Excessive background signal across the membrane obscures specific bands, caused by non-specific antibody binding, inadequate blocking, or improper handling.
Common Causes
1Secondary antibody non-specific binding or cross-reaction with sample species; primary antibody concentration too high
2Secondary antibody binding to blocking reagent (e.g., phospho-specific antibodies reacting with casein in milk)
3Insufficient blocking (3–5% non-fat milk, BSA, or normal serum for 1 hr at room temperature recommended)
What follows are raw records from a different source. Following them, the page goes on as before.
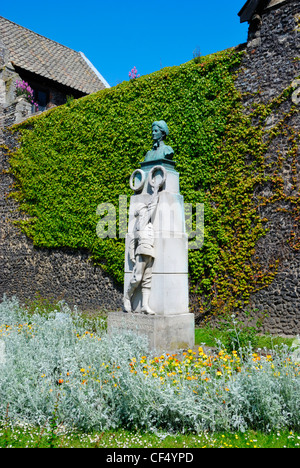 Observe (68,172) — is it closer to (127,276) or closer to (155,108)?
(155,108)

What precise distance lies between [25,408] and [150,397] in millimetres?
1131

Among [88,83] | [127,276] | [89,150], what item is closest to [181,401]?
[127,276]

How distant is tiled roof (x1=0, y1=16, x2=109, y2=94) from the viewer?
17.2 metres

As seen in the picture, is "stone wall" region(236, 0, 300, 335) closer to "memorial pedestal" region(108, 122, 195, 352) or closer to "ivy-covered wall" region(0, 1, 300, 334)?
"ivy-covered wall" region(0, 1, 300, 334)

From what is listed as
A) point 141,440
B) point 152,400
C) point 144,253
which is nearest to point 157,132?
point 144,253

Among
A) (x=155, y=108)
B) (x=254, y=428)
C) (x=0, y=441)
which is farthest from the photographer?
(x=155, y=108)

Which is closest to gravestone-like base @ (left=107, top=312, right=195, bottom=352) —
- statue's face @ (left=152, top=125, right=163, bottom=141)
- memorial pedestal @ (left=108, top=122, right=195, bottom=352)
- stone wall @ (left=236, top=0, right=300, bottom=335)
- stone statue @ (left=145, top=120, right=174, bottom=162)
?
memorial pedestal @ (left=108, top=122, right=195, bottom=352)

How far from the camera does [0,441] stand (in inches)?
123

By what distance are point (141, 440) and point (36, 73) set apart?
53.3 feet

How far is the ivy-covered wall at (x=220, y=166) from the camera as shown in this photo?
870 centimetres

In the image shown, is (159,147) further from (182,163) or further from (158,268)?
(182,163)

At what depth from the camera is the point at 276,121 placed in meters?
8.88

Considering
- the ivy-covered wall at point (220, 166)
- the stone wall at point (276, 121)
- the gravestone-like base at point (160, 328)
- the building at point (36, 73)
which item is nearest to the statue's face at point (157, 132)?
the gravestone-like base at point (160, 328)

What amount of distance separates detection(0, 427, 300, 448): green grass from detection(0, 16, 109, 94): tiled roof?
15.9 metres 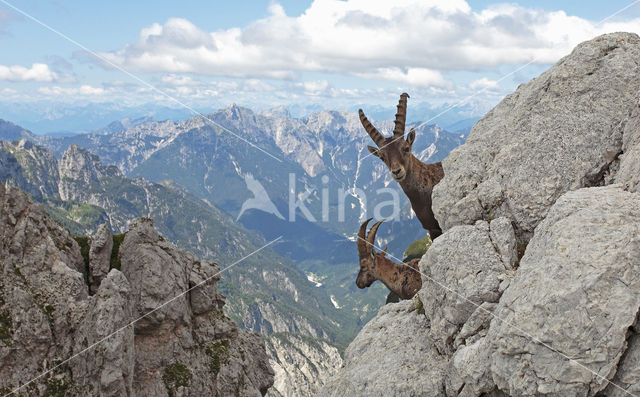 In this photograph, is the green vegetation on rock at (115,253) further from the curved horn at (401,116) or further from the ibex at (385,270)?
the curved horn at (401,116)

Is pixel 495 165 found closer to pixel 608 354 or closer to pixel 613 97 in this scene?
pixel 613 97

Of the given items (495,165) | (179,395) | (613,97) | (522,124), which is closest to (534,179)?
(495,165)

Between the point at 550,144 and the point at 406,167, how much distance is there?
632 centimetres

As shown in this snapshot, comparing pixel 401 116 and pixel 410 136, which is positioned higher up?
pixel 401 116

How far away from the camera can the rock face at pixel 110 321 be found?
22031 mm

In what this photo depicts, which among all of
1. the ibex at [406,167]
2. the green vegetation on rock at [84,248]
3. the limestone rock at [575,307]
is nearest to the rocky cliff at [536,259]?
the limestone rock at [575,307]

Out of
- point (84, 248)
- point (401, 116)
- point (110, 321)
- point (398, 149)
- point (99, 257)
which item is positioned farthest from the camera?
point (84, 248)

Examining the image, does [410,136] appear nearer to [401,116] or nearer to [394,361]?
[401,116]

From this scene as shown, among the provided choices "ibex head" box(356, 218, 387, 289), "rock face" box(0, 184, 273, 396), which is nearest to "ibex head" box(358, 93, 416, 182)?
"ibex head" box(356, 218, 387, 289)

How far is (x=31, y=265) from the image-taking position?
24.8 m

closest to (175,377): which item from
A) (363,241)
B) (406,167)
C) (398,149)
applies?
(363,241)

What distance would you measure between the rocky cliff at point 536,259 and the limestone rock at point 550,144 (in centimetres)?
5

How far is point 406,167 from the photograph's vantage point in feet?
64.3

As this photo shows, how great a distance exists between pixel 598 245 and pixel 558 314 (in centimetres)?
195
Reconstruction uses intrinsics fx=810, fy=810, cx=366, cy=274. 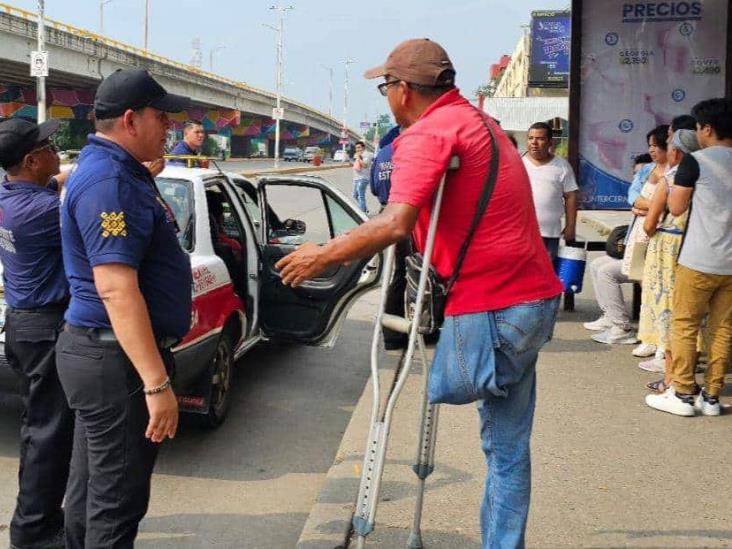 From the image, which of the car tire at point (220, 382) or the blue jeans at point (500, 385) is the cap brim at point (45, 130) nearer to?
the car tire at point (220, 382)

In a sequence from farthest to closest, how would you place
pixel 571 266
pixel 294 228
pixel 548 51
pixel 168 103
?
1. pixel 548 51
2. pixel 571 266
3. pixel 294 228
4. pixel 168 103

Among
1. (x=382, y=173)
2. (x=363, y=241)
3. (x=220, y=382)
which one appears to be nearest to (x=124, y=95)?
(x=363, y=241)

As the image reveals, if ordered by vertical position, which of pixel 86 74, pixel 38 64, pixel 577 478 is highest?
pixel 86 74

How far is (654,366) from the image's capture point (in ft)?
20.6

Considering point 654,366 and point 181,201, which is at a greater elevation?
point 181,201

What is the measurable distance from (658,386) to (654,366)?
68 centimetres

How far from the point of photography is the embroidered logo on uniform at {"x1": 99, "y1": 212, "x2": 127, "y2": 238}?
2.41 meters

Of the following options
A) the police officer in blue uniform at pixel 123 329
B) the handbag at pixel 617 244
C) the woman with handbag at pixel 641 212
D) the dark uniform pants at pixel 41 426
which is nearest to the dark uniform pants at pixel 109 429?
the police officer in blue uniform at pixel 123 329

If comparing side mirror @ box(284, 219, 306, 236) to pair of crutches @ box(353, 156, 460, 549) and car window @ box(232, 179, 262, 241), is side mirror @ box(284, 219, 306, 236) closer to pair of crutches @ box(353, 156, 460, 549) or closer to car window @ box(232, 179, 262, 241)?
car window @ box(232, 179, 262, 241)

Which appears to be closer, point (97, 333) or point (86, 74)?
point (97, 333)

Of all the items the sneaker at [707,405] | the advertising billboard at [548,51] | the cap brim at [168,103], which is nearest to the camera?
the cap brim at [168,103]

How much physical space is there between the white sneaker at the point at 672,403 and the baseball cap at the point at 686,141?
5.25ft

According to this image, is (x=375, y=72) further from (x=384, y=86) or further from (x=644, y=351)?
(x=644, y=351)

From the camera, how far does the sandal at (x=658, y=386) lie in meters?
5.51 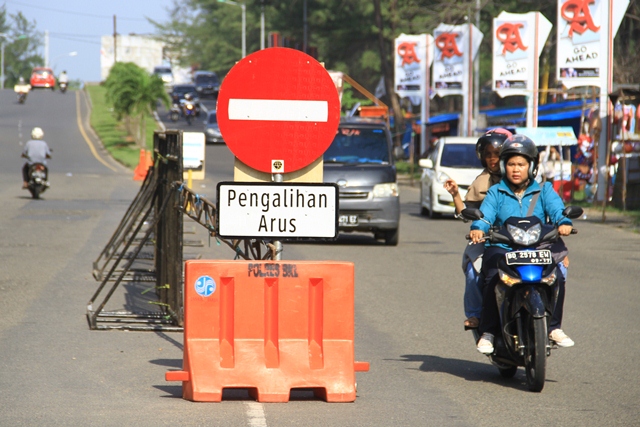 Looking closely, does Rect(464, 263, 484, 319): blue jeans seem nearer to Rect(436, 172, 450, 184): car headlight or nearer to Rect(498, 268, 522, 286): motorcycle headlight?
Rect(498, 268, 522, 286): motorcycle headlight

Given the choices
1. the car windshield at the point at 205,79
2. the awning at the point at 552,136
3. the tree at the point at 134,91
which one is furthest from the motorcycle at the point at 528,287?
the car windshield at the point at 205,79

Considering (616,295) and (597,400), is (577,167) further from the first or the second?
(597,400)

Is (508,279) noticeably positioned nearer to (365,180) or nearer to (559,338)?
(559,338)

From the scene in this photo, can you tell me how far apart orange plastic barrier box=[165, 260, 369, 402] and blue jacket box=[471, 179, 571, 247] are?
118cm

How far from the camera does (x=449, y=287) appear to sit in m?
12.2

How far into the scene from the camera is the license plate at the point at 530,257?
6.38 meters

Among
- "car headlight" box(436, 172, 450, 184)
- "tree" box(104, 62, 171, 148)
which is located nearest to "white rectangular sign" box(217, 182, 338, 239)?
"car headlight" box(436, 172, 450, 184)

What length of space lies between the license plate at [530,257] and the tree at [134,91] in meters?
43.6

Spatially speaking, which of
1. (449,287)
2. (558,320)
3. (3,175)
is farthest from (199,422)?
(3,175)

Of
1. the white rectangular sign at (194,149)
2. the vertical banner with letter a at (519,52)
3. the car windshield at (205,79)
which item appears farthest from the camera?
the car windshield at (205,79)

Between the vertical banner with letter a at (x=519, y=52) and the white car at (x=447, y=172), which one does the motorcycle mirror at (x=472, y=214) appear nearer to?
the white car at (x=447, y=172)

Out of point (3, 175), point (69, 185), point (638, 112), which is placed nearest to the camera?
point (638, 112)

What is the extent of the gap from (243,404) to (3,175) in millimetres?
29965

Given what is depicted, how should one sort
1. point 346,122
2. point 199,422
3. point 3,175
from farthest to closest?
point 3,175 < point 346,122 < point 199,422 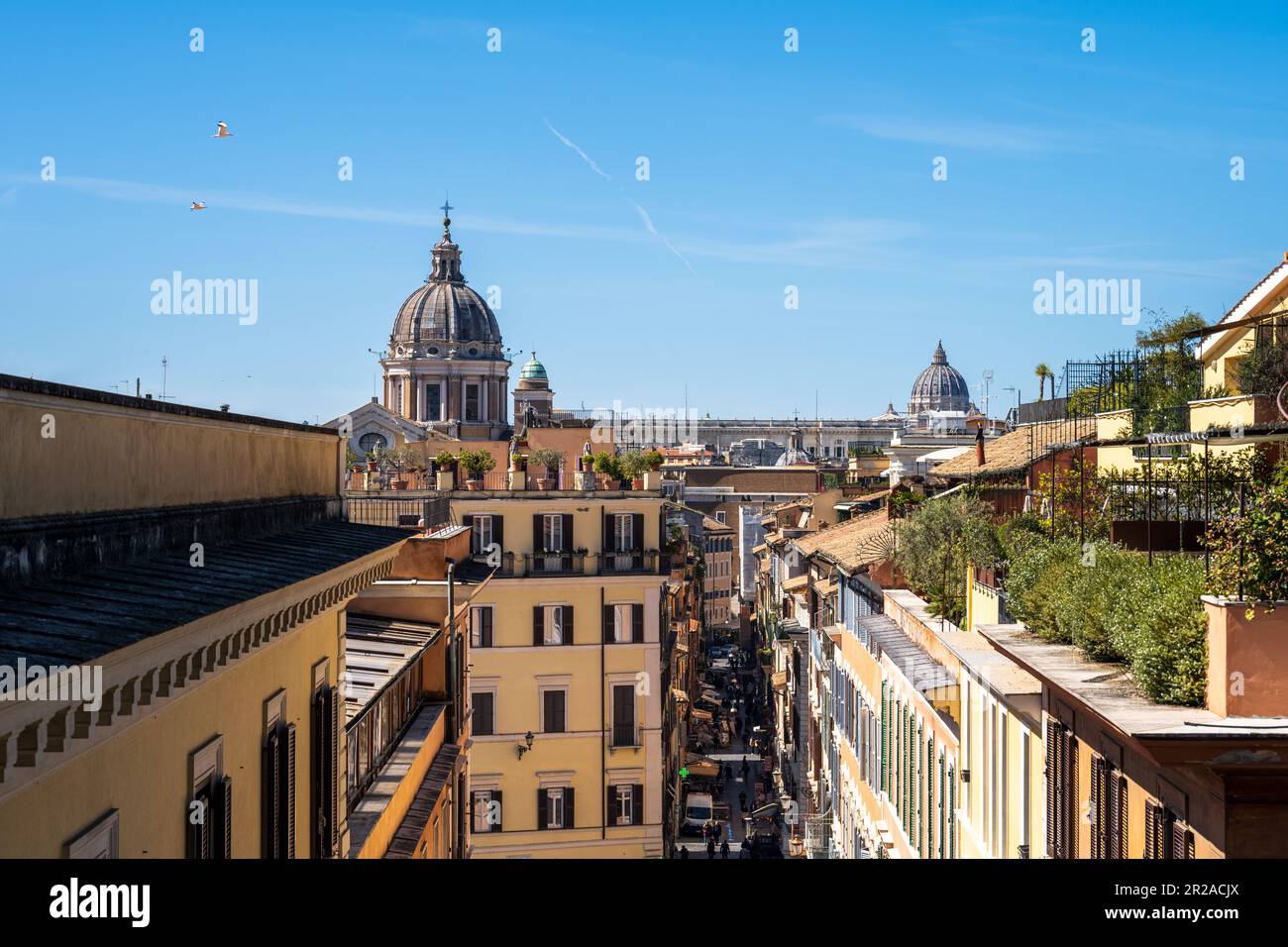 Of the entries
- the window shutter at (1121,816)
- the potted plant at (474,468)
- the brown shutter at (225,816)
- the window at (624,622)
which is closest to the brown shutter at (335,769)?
the brown shutter at (225,816)

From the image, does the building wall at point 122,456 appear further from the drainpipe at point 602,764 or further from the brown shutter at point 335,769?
the drainpipe at point 602,764

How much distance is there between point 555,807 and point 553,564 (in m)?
5.06

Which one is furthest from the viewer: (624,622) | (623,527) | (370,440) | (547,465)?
(370,440)

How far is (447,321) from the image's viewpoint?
10550 cm

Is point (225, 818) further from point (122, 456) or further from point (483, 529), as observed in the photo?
point (483, 529)

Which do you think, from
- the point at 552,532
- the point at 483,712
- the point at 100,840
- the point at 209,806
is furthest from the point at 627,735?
the point at 100,840

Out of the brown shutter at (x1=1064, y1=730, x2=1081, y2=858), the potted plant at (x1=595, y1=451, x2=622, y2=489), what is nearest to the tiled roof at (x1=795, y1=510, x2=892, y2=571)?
the potted plant at (x1=595, y1=451, x2=622, y2=489)

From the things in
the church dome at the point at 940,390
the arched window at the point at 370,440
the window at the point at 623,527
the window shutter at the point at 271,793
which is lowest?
the window shutter at the point at 271,793

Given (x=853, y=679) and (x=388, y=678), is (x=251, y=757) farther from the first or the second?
(x=853, y=679)

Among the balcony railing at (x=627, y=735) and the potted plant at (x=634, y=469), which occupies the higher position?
the potted plant at (x=634, y=469)

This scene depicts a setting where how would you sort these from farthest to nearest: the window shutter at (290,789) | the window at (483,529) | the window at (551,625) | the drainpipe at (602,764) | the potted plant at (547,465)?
the potted plant at (547,465)
the window at (483,529)
the drainpipe at (602,764)
the window at (551,625)
the window shutter at (290,789)

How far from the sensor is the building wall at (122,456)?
535 centimetres

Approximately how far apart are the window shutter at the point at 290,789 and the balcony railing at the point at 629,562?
922 inches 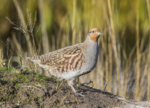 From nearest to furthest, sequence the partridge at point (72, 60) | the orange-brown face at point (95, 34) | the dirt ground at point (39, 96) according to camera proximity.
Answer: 1. the dirt ground at point (39, 96)
2. the partridge at point (72, 60)
3. the orange-brown face at point (95, 34)

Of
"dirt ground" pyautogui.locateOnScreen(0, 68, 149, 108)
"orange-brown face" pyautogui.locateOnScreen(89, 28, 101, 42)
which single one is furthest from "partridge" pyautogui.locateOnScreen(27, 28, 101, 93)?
"dirt ground" pyautogui.locateOnScreen(0, 68, 149, 108)

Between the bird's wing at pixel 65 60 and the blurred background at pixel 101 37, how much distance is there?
369 mm

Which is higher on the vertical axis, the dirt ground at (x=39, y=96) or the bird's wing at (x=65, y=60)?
the bird's wing at (x=65, y=60)

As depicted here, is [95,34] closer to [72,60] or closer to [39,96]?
[72,60]

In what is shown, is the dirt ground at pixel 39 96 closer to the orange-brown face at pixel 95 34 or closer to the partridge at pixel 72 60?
the partridge at pixel 72 60

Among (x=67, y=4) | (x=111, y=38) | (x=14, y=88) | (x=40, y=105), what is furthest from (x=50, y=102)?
(x=67, y=4)

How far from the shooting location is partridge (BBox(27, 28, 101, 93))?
3.36 metres

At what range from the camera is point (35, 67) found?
3912 mm

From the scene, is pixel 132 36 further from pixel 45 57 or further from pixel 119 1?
pixel 45 57

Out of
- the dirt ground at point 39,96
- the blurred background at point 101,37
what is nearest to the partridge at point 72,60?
the dirt ground at point 39,96

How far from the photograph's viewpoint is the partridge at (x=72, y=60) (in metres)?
3.36

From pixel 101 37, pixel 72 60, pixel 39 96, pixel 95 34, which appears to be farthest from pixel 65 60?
pixel 101 37

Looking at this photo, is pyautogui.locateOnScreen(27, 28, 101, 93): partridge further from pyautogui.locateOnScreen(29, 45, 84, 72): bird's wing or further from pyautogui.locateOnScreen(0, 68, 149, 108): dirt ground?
pyautogui.locateOnScreen(0, 68, 149, 108): dirt ground

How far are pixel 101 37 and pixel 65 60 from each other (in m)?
1.34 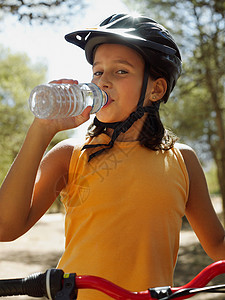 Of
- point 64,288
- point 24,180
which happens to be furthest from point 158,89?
point 64,288

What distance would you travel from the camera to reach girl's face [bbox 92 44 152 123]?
2049 millimetres

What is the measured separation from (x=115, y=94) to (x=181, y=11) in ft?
29.3

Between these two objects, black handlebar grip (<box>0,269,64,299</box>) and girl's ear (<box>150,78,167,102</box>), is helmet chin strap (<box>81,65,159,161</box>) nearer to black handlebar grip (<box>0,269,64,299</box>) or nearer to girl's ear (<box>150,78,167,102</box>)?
girl's ear (<box>150,78,167,102</box>)

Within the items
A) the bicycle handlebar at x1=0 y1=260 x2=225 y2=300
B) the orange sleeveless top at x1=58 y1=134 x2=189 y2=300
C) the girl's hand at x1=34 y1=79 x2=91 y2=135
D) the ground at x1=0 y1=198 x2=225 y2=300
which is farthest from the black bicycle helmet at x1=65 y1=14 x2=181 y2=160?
the ground at x1=0 y1=198 x2=225 y2=300

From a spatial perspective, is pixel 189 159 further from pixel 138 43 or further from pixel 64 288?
pixel 64 288

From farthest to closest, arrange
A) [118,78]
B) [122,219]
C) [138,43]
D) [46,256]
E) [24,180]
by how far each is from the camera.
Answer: [46,256]
[138,43]
[118,78]
[122,219]
[24,180]

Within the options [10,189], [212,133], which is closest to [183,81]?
[212,133]

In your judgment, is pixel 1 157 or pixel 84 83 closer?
pixel 84 83

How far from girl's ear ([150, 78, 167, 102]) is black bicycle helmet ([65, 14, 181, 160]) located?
0.03m

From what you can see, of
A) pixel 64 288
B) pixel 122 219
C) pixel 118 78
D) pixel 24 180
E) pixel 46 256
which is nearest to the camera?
pixel 64 288

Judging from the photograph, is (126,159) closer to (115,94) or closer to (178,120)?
(115,94)

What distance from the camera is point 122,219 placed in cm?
187

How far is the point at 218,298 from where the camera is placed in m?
7.73

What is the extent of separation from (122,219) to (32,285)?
66 cm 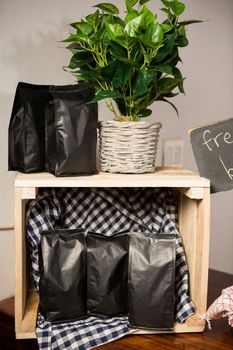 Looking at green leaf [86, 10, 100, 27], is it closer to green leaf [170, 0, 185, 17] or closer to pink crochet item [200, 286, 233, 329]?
green leaf [170, 0, 185, 17]

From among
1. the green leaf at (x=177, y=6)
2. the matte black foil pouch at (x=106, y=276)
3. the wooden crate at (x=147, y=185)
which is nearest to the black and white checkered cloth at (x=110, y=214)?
the wooden crate at (x=147, y=185)

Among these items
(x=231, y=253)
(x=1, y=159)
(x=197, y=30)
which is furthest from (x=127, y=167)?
(x=231, y=253)

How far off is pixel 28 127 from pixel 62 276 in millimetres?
361

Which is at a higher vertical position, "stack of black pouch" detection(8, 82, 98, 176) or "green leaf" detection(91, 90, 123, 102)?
"green leaf" detection(91, 90, 123, 102)

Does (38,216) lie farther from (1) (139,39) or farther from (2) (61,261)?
(1) (139,39)

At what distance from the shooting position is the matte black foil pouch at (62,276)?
3.10 ft

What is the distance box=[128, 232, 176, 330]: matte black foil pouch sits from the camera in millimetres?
954

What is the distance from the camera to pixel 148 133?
3.24ft

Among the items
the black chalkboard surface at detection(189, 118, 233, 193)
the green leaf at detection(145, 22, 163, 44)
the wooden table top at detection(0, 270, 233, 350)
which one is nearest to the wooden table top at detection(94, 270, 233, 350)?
the wooden table top at detection(0, 270, 233, 350)

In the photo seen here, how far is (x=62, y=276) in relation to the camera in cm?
95

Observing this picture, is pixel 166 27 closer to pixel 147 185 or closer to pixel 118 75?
pixel 118 75

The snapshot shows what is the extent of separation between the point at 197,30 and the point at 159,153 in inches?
21.0

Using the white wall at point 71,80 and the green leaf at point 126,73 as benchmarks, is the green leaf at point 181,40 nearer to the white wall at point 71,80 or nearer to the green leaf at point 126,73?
the green leaf at point 126,73

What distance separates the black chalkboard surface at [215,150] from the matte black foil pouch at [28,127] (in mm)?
371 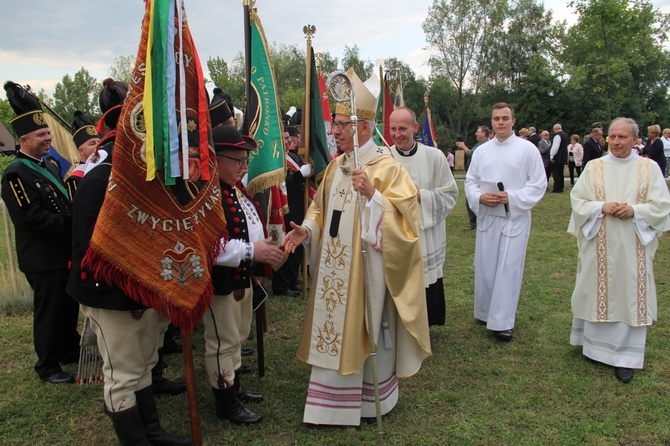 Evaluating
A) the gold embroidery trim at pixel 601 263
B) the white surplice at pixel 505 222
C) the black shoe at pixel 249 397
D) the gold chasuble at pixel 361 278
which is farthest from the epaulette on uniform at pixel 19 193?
the gold embroidery trim at pixel 601 263

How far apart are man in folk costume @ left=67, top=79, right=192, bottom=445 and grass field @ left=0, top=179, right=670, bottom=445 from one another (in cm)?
62

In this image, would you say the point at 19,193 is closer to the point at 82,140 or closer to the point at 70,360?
the point at 82,140

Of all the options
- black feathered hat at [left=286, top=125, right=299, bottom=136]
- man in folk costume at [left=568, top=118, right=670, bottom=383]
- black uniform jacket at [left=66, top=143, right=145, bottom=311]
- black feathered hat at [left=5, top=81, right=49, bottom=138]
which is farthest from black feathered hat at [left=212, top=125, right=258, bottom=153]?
black feathered hat at [left=286, top=125, right=299, bottom=136]

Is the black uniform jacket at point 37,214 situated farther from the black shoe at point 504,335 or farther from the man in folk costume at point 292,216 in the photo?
the black shoe at point 504,335

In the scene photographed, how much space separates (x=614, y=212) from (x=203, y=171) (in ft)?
11.2

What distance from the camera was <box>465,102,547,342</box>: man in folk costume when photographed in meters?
5.06

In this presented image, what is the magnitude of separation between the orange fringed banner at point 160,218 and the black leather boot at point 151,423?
0.61 m

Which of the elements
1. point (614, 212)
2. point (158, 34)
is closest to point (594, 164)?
point (614, 212)

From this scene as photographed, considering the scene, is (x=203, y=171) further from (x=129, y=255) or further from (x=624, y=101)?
(x=624, y=101)

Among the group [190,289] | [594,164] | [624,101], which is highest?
[624,101]

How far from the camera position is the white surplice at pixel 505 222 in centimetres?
506

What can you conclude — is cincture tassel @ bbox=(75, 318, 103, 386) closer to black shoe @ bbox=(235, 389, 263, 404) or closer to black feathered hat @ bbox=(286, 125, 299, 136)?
black shoe @ bbox=(235, 389, 263, 404)

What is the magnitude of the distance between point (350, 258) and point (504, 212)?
2.24m

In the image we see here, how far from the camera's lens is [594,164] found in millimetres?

4Inadequate washing between steps leaving residual unbound antibodies; Ponceau S autofluorescence in fluorescent detection
5Excessive substrate concentration or incubation time with enzyme-conjugated antibodies; substrate sensitivity too high
6Membrane dried out during incubation, contaminated during handling, or multiple membranes incubated facing each other
Solutions
1Run control without primary antibody; use secondary antibody from different species than sample; try pre-adsorbed secondary antibody
2For phospho-specific antibodies, block with BSA instead of milk; add mild detergent (Tween 20) to incubation and wash buffers
3Increase blocking incubation to 1 hr at room temperature with 3–5% non-fat milk, BSA, or normal serum; consider changing blocking agent
4Wash extensively with buffer between all steps; remove Ponceau S before fluorescent immunostaining
5Dilute substrate and reduce incubation time; replace with milder substrate; reduce signal amplification (e.g., less biotin conjugation)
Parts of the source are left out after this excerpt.